Re: [PATCH v6 02/20] liveupdate: luo_core: integrate with KHO
From: Mike Rapoport <rppt@kernel.org>
Date: 2025-11-17 21:05:43
Also in:
linux-doc, linux-fsdevel, linux-mm, lkml
On Mon, Nov 17, 2025 at 01:29:47PM -0500, Pasha Tatashin wrote:
On Sun, Nov 16, 2025 at 2:16 PM Mike Rapoport [off-list ref] wrote:quoted
On Sun, Nov 16, 2025 at 09:55:30AM -0500, Pasha Tatashin wrote:quoted
On Sun, Nov 16, 2025 at 7:43 AM Mike Rapoport [off-list ref] wrote:quoted
quoted
+static int __init liveupdate_early_init(void) +{ + int err; + + err = luo_early_startup(); + if (err) { + pr_err("The incoming tree failed to initialize properly [%pe], disabling live update\n", + ERR_PTR(err));How do we report this to the userspace? I think the decision what to do in this case belongs there. Even if it's down to choosing between plain kexec and full reboot, it's still a policy that should be implemented in userspace.I agree that policy belongs in userspace, and that is how we designed it. In this specific failure case (ABI mismatch or corrupt FDT), the preserved state is unrecoverable by the kernel. We cannot parse the incoming data, so we cannot offer it to userspace. We report this state by not registering the /dev/liveupdate device. When the userspace agent attempts to initialize, it receives ENOENT. At that point, the agent exercises its policy: - Check dmesg for the specific error and report the failure to the fleet control plane.Hmm, this is not nice. I think we still should register /dev/liveupdate and let userspace discover this error via /dev/liveupdate ABIs.Not registering the device is the correct approach here for two reasons: 1. This follows the standard Linux driver pattern. If a driver fails to initialize its underlying resources (hardware, firmware, or in this case, the incoming FDT), it does not register a character device. 2. Registering a "zombie" device that exists solely to return errors adds significant complexity. We would need to introduce a specific "broken" state to the state machine and add checks to IOCTLs to reject commands with a specific error code.
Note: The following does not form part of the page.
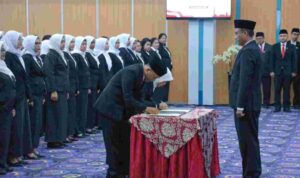 Screenshot_20240816_091445_Gallery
You can avoid that complexity if you register the device with a different fops, but that's technicality. Your point about treating the incoming FDT as an underlying resource that failed to initialize makes sense, but nevertheless userspace needs a reliable way to detect it and parsing dmesg is not something we should rely on.
Pasha
-- Sincerely yours, Mike.